Suite aux protestations religieuses en amont du projet, Paramount renonce à produire La Dernière Tentation du Christ. Scorsese décide alors de se tourner vers un projet à budget plus modeste. Il découvre le scénario qui deviendra After Hours grâce à son avocat Jay Julien. Ayant vu son court métrage Vincent, la productrice Amy Robinson et l’acteur Griffin Dunne, détenteurs des droits, avaient prévu que le film soit tourné par Tim Burton. Ce dernier se retira en apprenant l’intérêt scorsesien.
Le pitch ? Dans un café new-yorkais, Paul Hackett (Griffin Dune) modeste informaticien, fait la connaissance de Marcy (Rosanna Arquette). Ils sympathisent – thank you Henry Miller ! – et elle l’invite chez elle. C’est le début d’une nuit mouvementée.

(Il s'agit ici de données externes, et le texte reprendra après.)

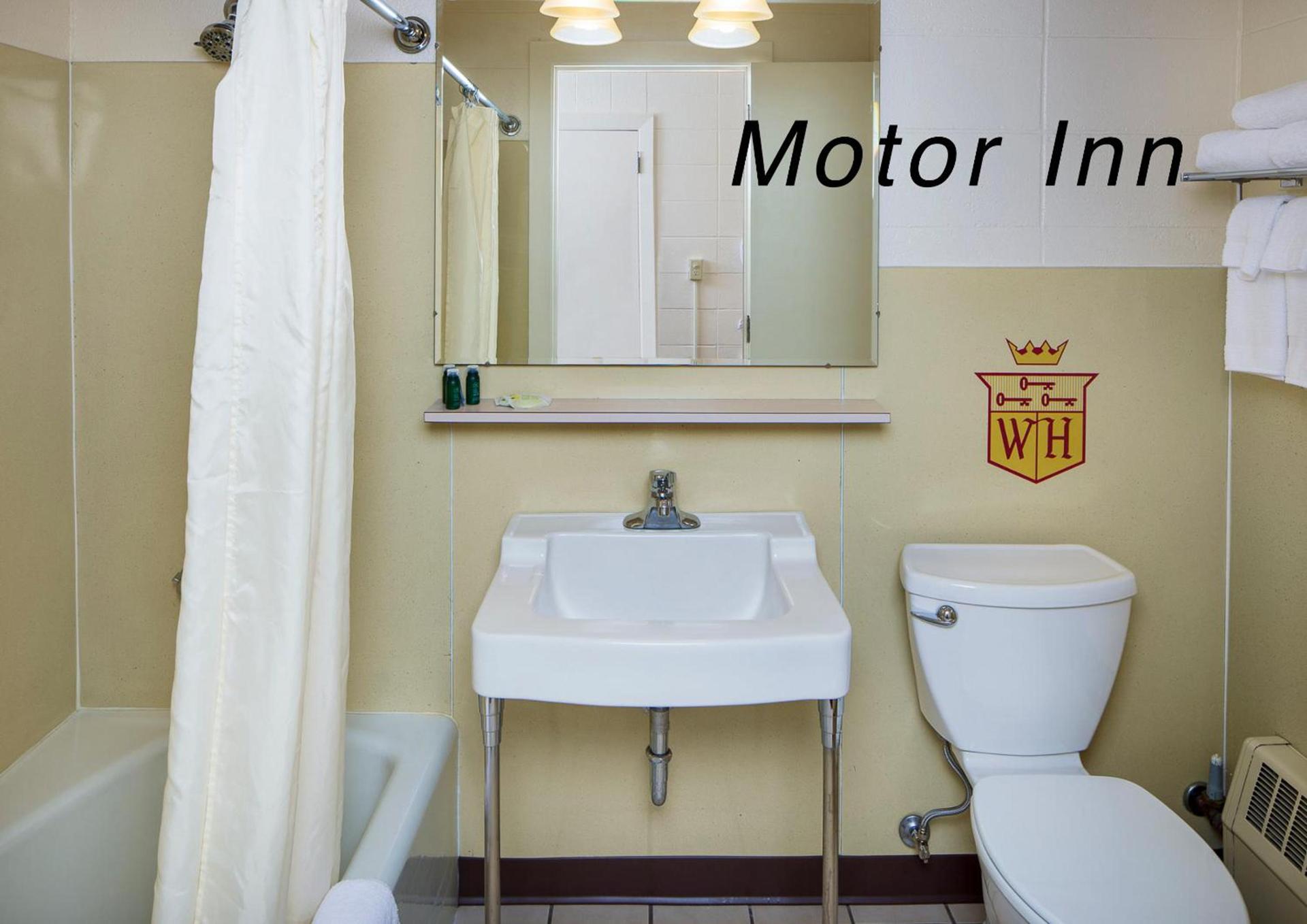 Finlen Hotel and Motor Inn photo 42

New York années 1980 donc… Cette ville qui ne dort jamais. Ses jeunes cadres dynamiques. Son insécurité pas encore réduite par Giuliani. Ses serveurs excentriques. Ses artistes travaillant dans des lofts situés dans des immeubles miteux. Ses couples homosexuels 100% cuir. Ses clubs alternatifs peuplés de punks. Ses habitants de quartier s’improvisant enquêteurs et flics lorsque des immeubles sont régulièrement cambriolés. Un monde semblant appartenir à l’Antiquité vu d’aujourd’hui, non ? Une comédie américaine se passant au cours d’une seule nuit avec des personnages hauts en couleurs, une rencontre entre un cadre timide et une femme un peu excentrique qui prend les devants avec les hommes, tellement années 1980 ? Après tout le cinéma sert aussi à se projeter dans un autre lieu, à une autre époque.

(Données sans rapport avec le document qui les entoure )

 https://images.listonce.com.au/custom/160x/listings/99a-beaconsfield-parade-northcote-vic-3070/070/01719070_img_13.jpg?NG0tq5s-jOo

Oui mais… After Hours dépasse le statut de simple capsule temporelle par sa mise en scène. After Hours est la première collaboration entre Scorsese et Michael Ballhaus, chef opérateur de plusieurs grands Fassbinder et futur chef-opérateur des Affranchis. Et cela se voit dès l’ouverture, avec une caméra sillonnant le bureau avec une énergie et un brio annonçant le magnum opus mafieux du cinéaste. La scène de l’excès de vitesse du taxi lance quant à elle l’hypothèse que Scorsese aurait pu être un grand cinéaste d’action… ou de bagnoles. Le travelling dans le bar au son de You’re Mine du duo doo-wop Robert & Johnny est le type de travail de mise en scène/montage sonore reproduit à plusieurs reprises dans Les Affranchis.
Même lorsque le film se calme, il ne perd pas son caractère enlevé. Parce qu’il n’y a pas forcément besoin de découpage frénétique permanent quand le rebondissement d’une odyssée nocturne ou un morceau écouté prend le relais. D’autres comédies, d’autres films de genre tenteront de retrouver ce type d’énergie. Ils y arriveront parfois. Mais souvent au prix d’une part d’effets de style clinquants ici absente.

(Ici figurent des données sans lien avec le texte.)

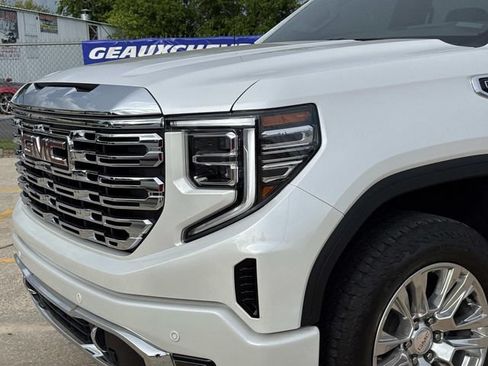 Used 2024 GMC Sierra 1500 Denali w/ Technology Package AWD/4WD image 2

Le film comporte cependant un arrière-plan un peu moins joyeux. Déjà parce qu’il rejoue de manière triviale le bon vieux schéma hitchcockien/langien du faux coupable. Et parce que derrière l’effervescence affleurent suicides, viols, solitude affective… Et tout le monde déclare détester son travail. Mais faut bien ça pour arrondir les fins de mois dans une ville où des taudis sont alors loués pour un montant indigne, non ?
En dépit de critiques positives, le Box Office ne sourira toujours pas à Scorsese. Le film décrochera un Prix de la mise en scène cannois mérité. Il permit à Scorsese de retrouver un désir de continuer à faire du cinéma alors éteint par les difficultés de concrétisation de son grand projet christique. Il n’est pas interdit de penser que ce petit film fauché a semé les premières graines des chefs d’œuvre des années 1990.